# Topless Women Trampoline Coach



## Alex (6/4/15)



Reactions: Funny 2


----------



## Rob Fisher (6/4/15)

I could come out of retirement for that job!

Reactions: Funny 3


----------



## Andre (6/4/15)

The parts I want to watch are very hazy?

Reactions: Funny 5


----------



## Silver (7/4/15)

Hilarious @Alex!

Reactions: Like 1


----------



## Jakey (7/4/15)

man this vid just made me miss one of my favourite series. the IT crowd. 
this guy is one of the lead actors.

Reactions: Like 1


----------



## Jakey (7/4/15)

Rob Fisher said:


> I could come out of retirement for that job!

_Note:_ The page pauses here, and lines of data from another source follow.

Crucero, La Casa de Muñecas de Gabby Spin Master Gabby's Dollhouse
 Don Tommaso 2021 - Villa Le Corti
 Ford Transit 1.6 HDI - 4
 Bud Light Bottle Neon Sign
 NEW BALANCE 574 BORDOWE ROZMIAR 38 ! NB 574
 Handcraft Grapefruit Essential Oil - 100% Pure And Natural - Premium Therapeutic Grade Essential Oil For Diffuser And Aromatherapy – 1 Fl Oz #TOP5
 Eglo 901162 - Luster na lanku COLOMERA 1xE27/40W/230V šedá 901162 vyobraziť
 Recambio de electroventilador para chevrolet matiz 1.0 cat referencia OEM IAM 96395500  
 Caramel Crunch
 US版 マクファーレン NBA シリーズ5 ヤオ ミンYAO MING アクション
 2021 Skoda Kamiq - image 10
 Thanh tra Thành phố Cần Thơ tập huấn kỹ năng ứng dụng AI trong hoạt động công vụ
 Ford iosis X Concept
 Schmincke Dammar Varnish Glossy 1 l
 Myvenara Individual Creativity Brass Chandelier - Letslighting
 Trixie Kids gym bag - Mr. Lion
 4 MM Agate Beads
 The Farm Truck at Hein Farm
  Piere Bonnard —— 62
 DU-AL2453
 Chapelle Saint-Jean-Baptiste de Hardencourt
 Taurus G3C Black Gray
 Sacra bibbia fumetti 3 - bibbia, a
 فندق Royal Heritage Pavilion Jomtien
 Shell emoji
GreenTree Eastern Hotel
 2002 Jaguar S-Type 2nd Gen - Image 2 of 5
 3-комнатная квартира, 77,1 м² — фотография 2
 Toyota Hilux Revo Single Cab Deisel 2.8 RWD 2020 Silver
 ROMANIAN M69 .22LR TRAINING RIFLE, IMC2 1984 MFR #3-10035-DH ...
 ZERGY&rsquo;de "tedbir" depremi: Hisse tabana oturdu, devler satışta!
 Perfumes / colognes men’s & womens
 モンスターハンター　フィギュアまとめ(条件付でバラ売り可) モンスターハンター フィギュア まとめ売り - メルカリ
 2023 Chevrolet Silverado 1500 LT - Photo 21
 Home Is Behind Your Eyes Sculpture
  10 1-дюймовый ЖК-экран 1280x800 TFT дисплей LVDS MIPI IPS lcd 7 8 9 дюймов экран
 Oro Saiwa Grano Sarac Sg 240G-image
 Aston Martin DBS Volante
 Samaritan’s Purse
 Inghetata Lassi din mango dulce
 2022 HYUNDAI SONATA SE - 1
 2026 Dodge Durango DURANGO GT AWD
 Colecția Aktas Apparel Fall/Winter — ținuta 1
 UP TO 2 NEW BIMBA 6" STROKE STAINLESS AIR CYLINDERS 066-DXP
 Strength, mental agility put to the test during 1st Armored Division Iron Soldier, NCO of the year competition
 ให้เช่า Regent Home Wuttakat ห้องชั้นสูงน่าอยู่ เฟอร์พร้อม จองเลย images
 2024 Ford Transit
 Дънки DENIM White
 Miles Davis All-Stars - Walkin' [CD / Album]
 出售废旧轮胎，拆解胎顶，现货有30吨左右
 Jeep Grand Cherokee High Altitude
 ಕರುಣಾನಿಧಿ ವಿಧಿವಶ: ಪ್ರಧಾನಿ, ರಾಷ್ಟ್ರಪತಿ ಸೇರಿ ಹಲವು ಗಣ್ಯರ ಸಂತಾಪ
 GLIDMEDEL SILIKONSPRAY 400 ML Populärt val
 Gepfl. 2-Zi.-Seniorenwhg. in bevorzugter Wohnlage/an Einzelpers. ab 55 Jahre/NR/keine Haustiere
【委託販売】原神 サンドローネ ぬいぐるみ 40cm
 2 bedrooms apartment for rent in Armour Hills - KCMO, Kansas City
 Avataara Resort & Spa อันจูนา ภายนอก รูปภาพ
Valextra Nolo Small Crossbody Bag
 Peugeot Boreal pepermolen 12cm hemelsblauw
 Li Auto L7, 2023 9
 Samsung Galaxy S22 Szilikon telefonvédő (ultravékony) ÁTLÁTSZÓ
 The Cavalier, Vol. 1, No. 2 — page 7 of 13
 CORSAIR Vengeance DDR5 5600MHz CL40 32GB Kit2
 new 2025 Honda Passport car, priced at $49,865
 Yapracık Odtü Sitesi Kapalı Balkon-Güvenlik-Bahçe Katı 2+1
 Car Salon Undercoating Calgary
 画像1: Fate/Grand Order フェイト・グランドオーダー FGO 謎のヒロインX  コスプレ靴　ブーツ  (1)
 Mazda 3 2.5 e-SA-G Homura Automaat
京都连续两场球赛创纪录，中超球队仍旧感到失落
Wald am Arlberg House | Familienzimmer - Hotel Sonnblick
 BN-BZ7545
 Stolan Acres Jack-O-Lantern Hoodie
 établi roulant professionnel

this makes me want to retire just to come back out of retirement once more.

Reactions: Funny 1


----------



## rogue zombie (7/4/15)

That dude is so freekin funny.

If you havent already, you should watch 'This Is 40'... so funny, and this guy's character is epically funny.

Reactions: Agree 1


----------



## johan (7/4/15)

Geez No Touch! they will fire me in an instant.


----------



## Alex (7/4/15)

Yeah guys, "The IT crowd" is one of the funniest British TV Shows ever.


Message sent via tapatalk


----------



## Ashley A (7/4/15)

johan said:


> Geez No Touch! they will fire me in an instant.


Didn't look like he was following that rule or like the "customers" minded it at all

Reactions: Informative 1


----------



## Genosmate (7/4/15)

Rob Fisher said:


> I could come out of retirement for that job!


Too late.He's left and I start next week Monday,pay is not great though

Reactions: Funny 1


----------



## Ashley A (7/4/15)

Genosmate said:


> Too late.He's left and I start next week Monday,pay is not great though


You'll get paid in kind

Reactions: Winner 1


----------